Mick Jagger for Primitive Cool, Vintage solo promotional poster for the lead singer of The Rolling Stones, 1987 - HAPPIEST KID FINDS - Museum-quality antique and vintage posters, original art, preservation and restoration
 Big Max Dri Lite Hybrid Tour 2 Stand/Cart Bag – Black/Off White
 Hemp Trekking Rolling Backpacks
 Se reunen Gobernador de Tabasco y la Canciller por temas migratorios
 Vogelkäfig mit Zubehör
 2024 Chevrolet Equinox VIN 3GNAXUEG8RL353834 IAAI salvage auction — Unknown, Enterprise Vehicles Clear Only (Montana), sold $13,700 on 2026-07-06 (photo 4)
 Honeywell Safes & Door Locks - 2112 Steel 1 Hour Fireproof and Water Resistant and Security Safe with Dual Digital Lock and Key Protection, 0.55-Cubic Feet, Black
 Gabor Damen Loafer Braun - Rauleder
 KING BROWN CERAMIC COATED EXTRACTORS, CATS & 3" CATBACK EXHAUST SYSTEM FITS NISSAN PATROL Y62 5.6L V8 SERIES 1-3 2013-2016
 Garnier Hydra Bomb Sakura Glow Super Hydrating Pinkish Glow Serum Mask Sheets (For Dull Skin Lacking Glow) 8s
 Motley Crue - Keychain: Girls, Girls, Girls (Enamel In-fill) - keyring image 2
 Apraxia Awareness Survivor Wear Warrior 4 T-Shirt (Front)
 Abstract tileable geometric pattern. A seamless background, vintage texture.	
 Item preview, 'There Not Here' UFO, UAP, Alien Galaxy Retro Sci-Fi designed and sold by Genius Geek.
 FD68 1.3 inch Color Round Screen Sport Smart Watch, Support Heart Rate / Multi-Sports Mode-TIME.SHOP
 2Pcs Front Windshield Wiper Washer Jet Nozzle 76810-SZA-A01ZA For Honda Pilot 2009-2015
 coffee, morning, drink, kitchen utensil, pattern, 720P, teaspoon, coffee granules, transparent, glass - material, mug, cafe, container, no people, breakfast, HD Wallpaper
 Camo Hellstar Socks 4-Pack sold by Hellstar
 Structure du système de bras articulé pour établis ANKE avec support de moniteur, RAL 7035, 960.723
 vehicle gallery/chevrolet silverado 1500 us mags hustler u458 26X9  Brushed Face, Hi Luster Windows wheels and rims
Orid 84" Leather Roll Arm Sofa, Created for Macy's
+ + + +
> Problem requirements: For every line of the listing above that contains "pattern", add one, and report the final tally with no other words.

> Answer box: 2